Daryl Lipsey Blog Post Interview
You could say that Daryl Lipsey came to the UK by accident!
Originally from North Battleford, a small town in Saskatchewan Canada. Daryl had agreed to fly to Europe to sign for EV Stuttgart in the German division 2 Bundesliga.
However, just a week before travelling, the move fell through. His agent then offered him a slot on a UK team, his first words when offered the UK move was;
Do they actually play hockey
So, in late summer of 1984, a 20 year old Daryl signed for the Bournemouth Stags. The Stags played in Division one of the British Heineken League. He was classed as an import forward, joining his fellow imports, Canadians Kevin McNally and player – coach Paul Kite.
So Daryl arrived at the Bournemouth Arena, known locally as the Westover Ice Rink and situated above a car dealership.
On seeing the rink for the first time, he was in for a big surprise, he recalls;
They were hanging up fish netting, no plexi.
I saw hand rails on the inside of the barriers facing the ice!
Thinking this was a practice rink I asked where we played our games,
– only to be told “this is it buddy”
The Stags finished the 1984 – 85 league season season in a disappointing 7th position (out of 11). However Daryl proved indispensable, scoring 57 gaols and 24 assists for 81 points in 20 games.
Daryl’s second Bournemouth season was pretty similar to his first. Despite new imports in Don Yewchin and Ian Ramsey the team again finished 7th (out of 12). Daryl did improve his points total, scoring 59 goals and 60 assists for 119 points in 19 games.
Click here to listen to my Podcast interview with Daryl Lipsey right now.
After two seasons in Bournemouth it was time for a new challenge. Daryl decided to move to Swindon and the newly built Linx Centre. He signed for the newly formed Swindon Wildcats hockey team.
Fast forward 9 years and Daryl had become a part of community life in Swindon, playing and coaching for the Wildcats organisation and married to a local girl, he’d fully settled into life in the Wiltshire town when, by a twist of fate, his career took a sharp upward turn.
While attending a charity golf tournament in Cardiff in the summer of 1995 Daryl met up with the Cardiff Devils Supremo, John Lawless.
John had just been appointed as General Manager of the new Manchester Storm hockey team.
As it happened John was looking for a player/assistant coach and Daryl was offered the job.
The team were obliged to start off in the lower British League Division One.
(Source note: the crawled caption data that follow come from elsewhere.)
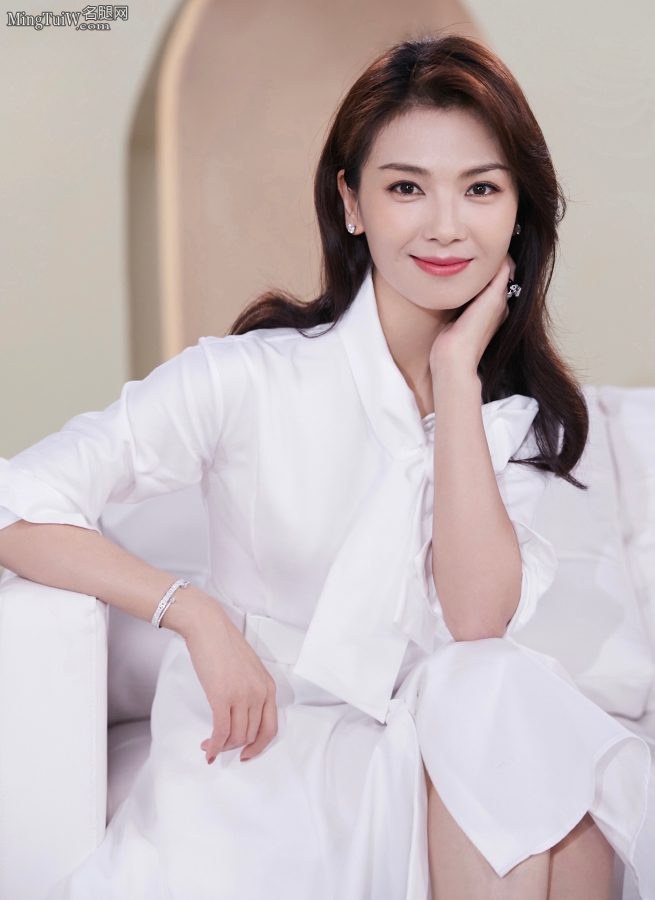 美刘涛涛姐玉腿美手人间极品(4/8)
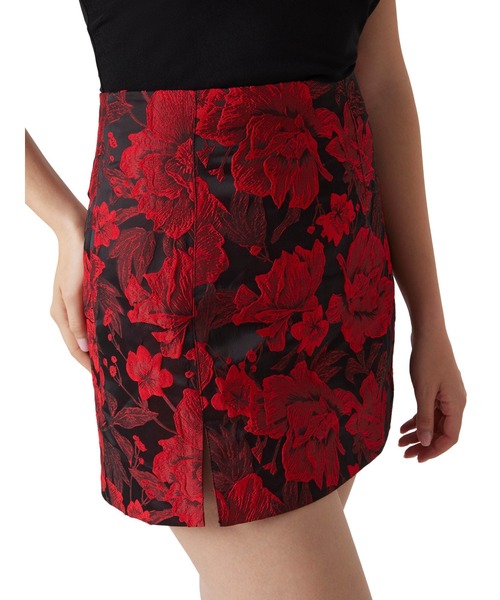 Guess（ゲス）の「EMILIA Mini Skirt ミニスカート（スカート・レディース・マルチ・SMALL/X-SMALL/MEDIUM）」の3枚目の写真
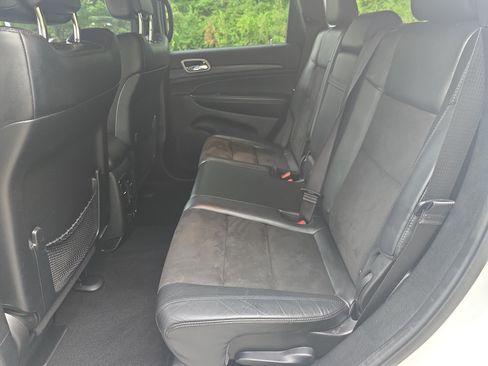 Used 2020 Jeep Grand Cherokee Altitude AWD/4WD image 15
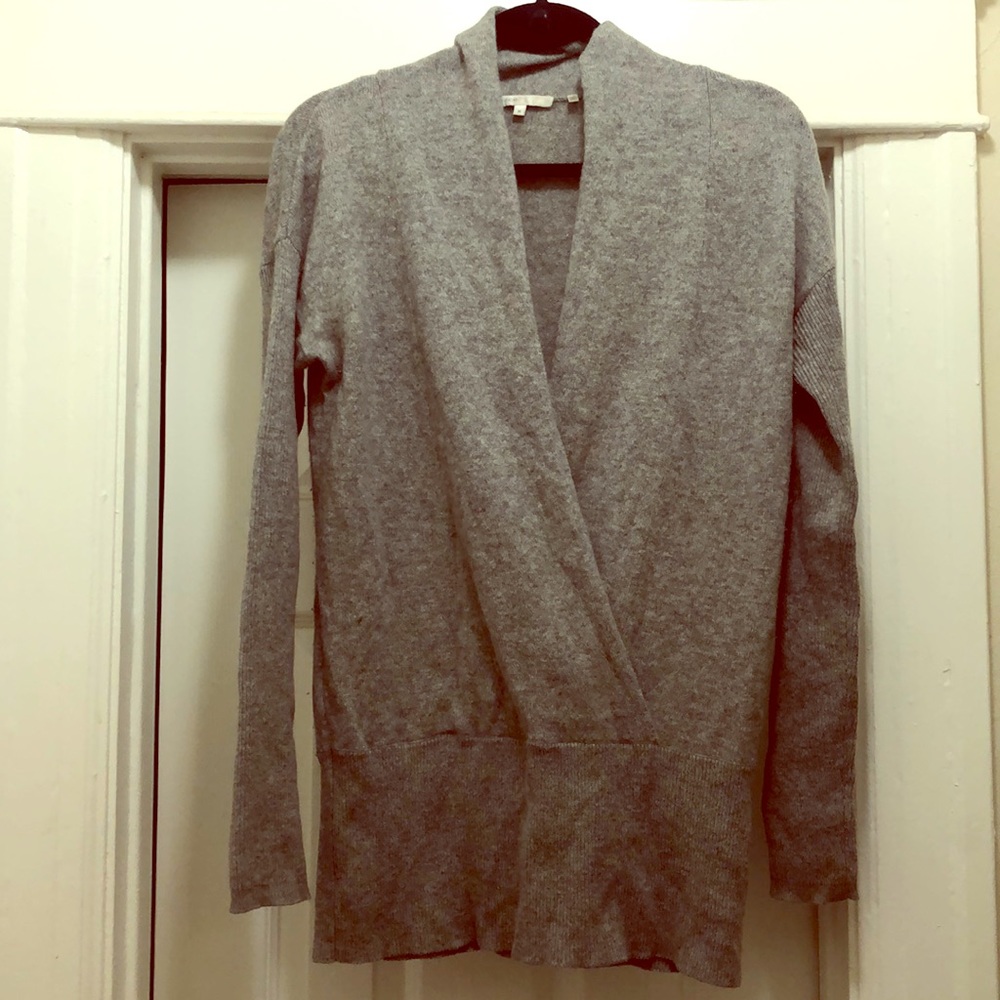Vince 100% cashmere gray sweater size Medium
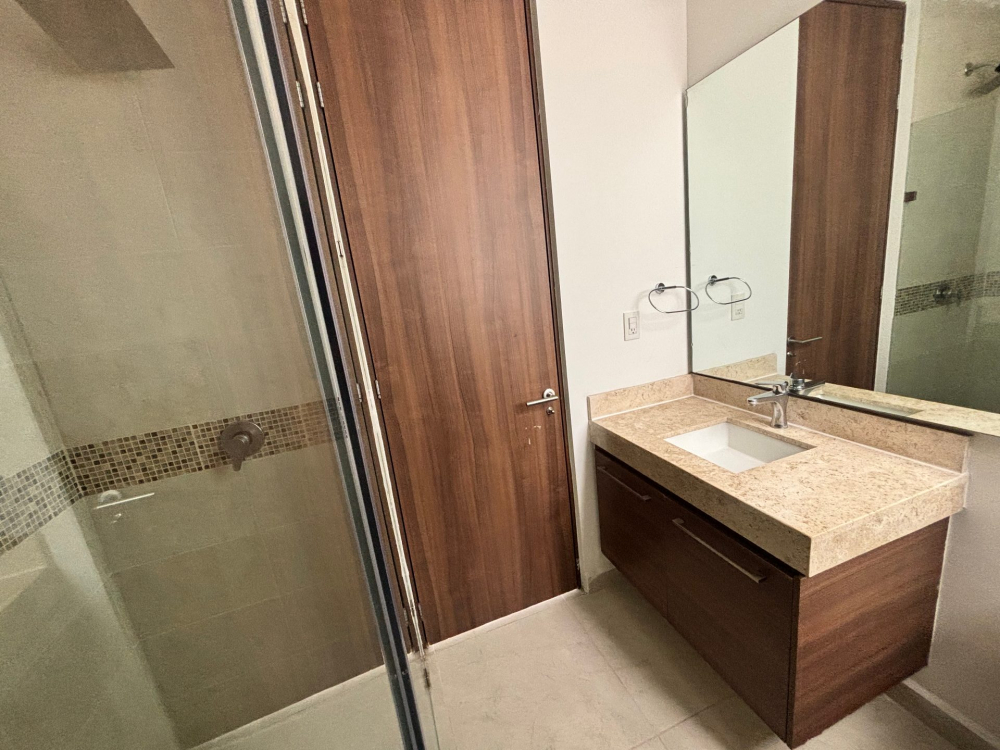 Casa En Venta En Residencial El Refugio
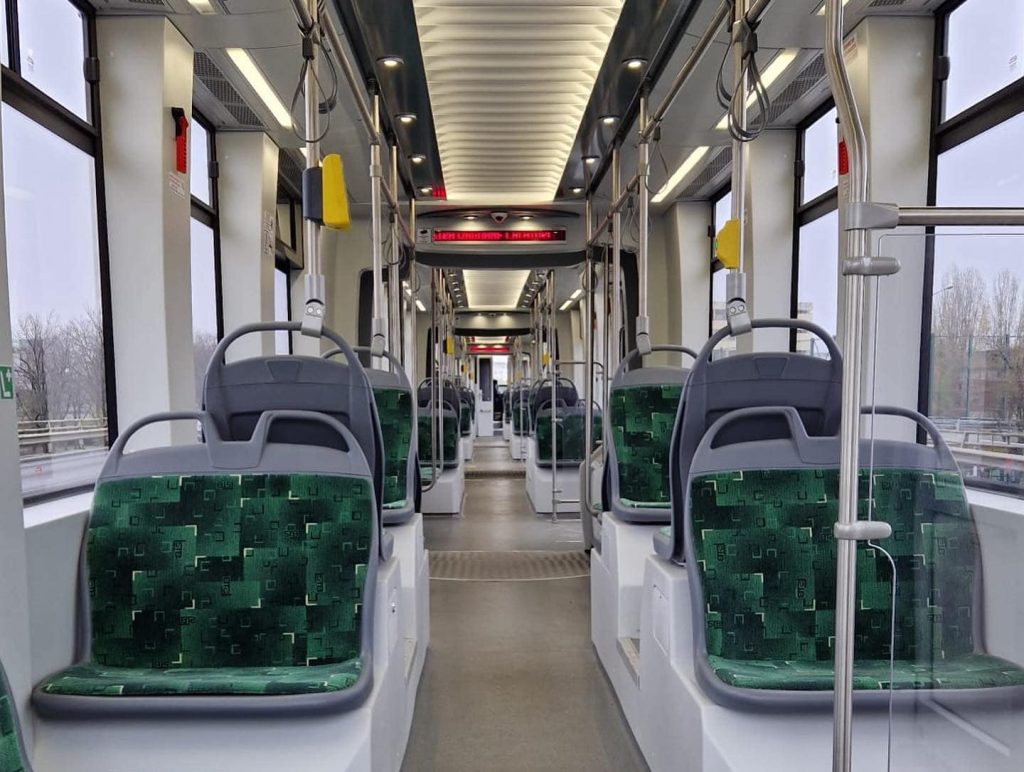 [ad_1] Societatea de Transport București a decis să anuleze procedura de achiziție pentru tramvaie noi de 18 metri cu podea complet coborâtă, deoarece ofertantul câștigător nu a furnizat garanțiile și documentele necesare pentru extinderea valabilității ofertei, conform unei informații transmise de agenția de știri Agerpres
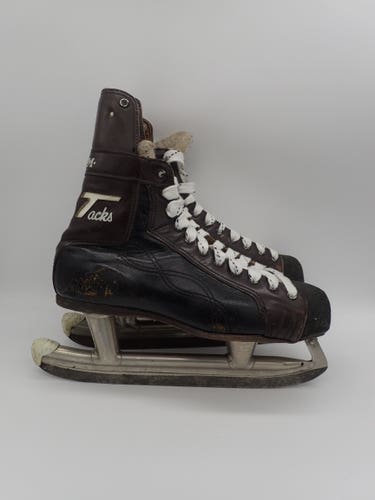 Vintage 1960s CCM Tacks Prolite Leather Skates Size 7.5 Made in Canada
They were to compete against teams such as the Blackburn Hawks, Dumfries Vikings (now Solway Sharks) and Telford Tigers before earning promotion to the top flight with 99 points from 52 games.
During that season an incredible 16,280 Nynex crowd watched the Storm beat local rivals, the Blackburn Hawks, 11-3.
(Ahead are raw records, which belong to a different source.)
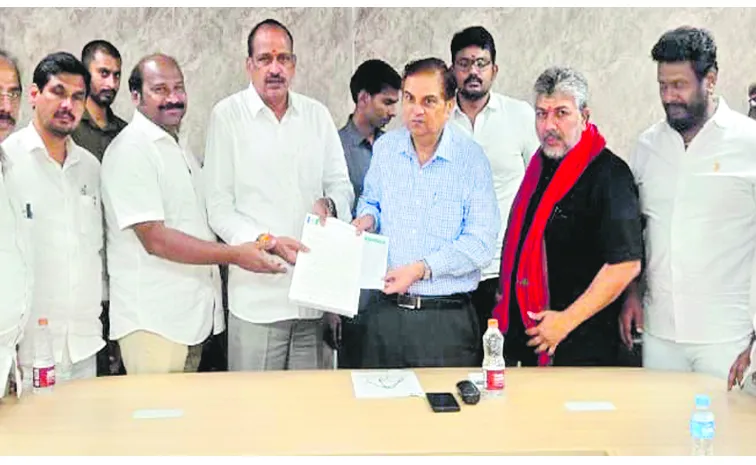 YSRCP complains to the SEC once again regarding the ruling partys irregularities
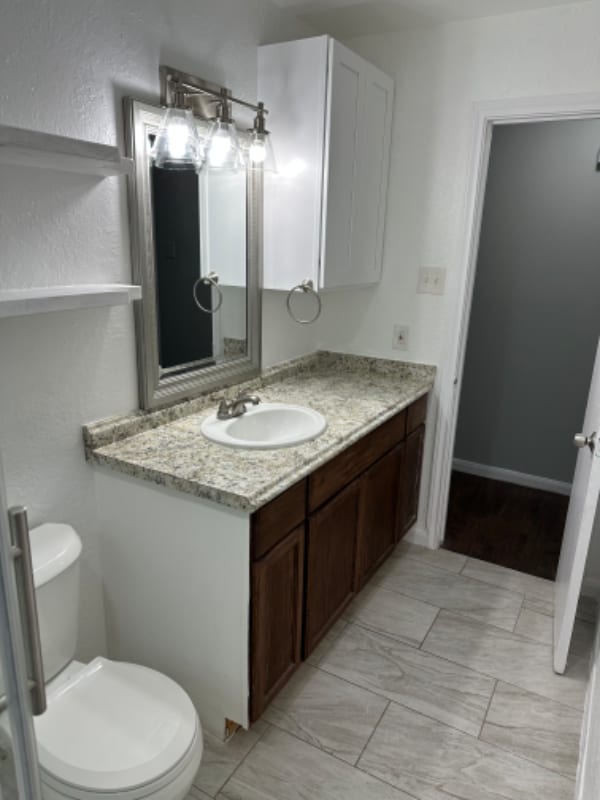Building Photo - 6115 Standing Oaks Dr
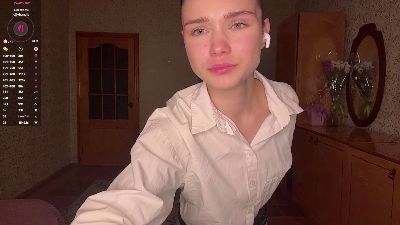 RoseannaBogh live cam on Cam4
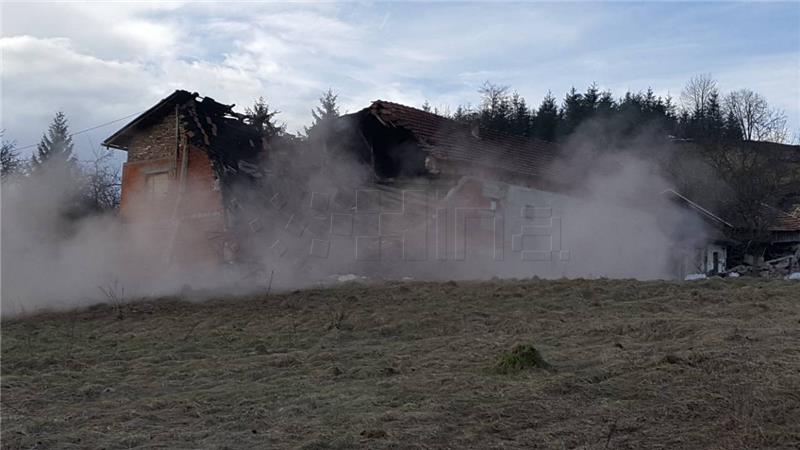 Zbog odrona u Hrvatskoj Kostajnici urušeno šest kuća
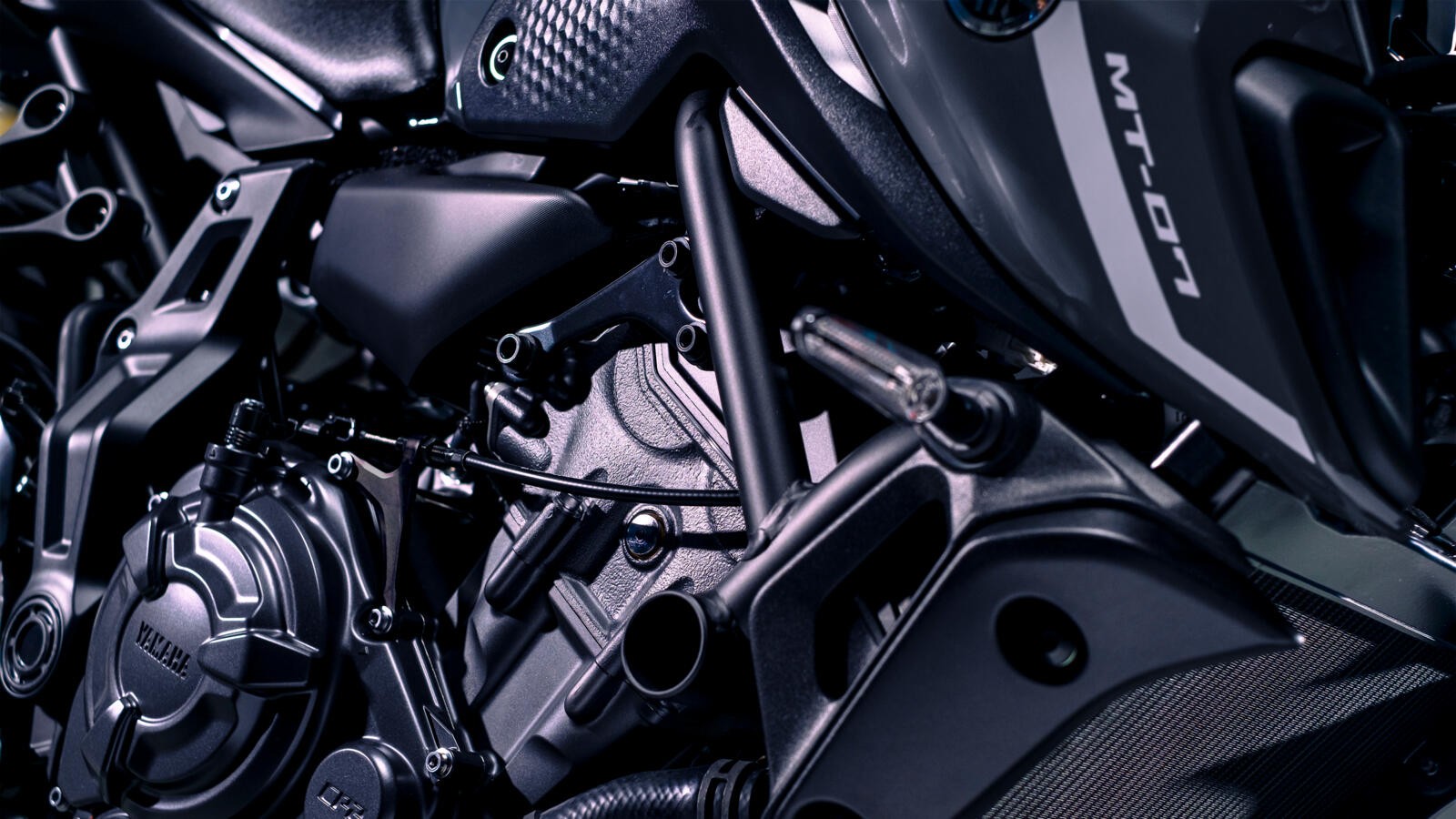 Yamaha MT-07 2023: le foto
League attendance records followed with an astonishing 17,245 record crowd turned out to see the Storm crush arch rivals, the Sheffield Steelers, 6 – 3.
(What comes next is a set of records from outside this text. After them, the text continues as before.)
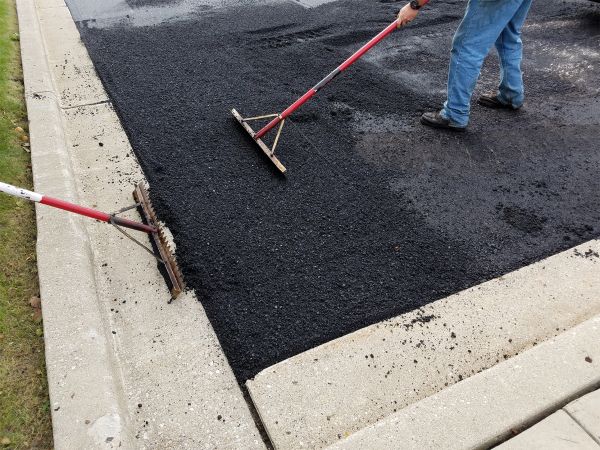 Cost of Asphalt Driveway Service in Clermont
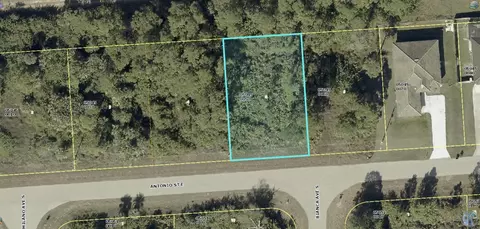 1235 Antonio St E, Lehigh Acres, FL 33974
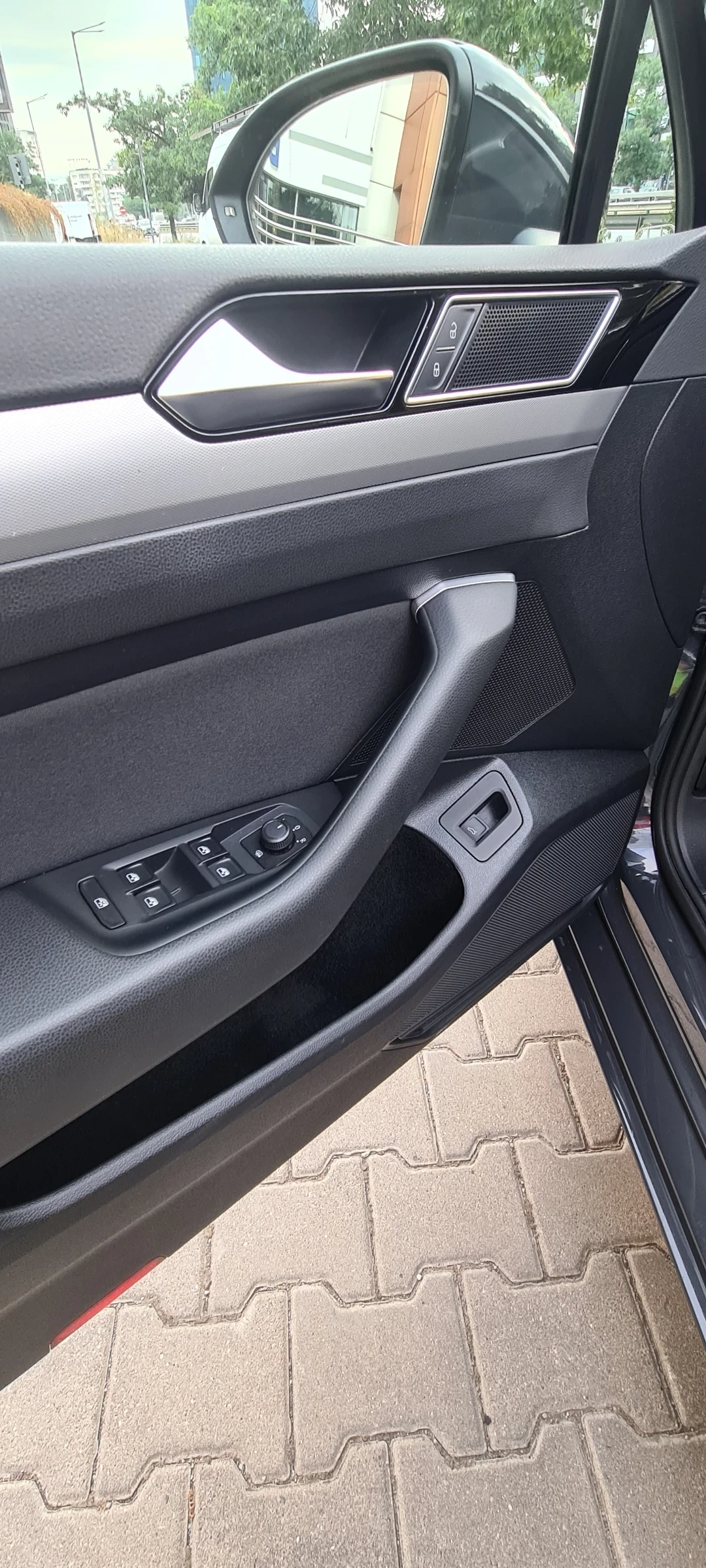 VW Passat | Mobile.bg   12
Two seasons later the team won the SuperLeague title and the following season won the Benson and Hedges Cup.
Daryl became the Storm’s Head Coach for season 2001-02 and although having a disappointing season, managed to guide them to the end of season Playoff Finals before losing out to rivals the Sheffield Steelers on penalty shots.
In the autumn of 2002, the Storm’s agreed shirt sponsor pulled out at the last minute. The teams revenue stream had slowed right down to a trickle.
In late October 2002, after just 6 SuperLeague games, with insufficient revenue, the team had no option but to fold.
Will the last man out….
From being the first man in, in 1995, to the last man out in 2002, the phrase:
Will the last man out please turn off the lights”
could have been especially written for Daryl.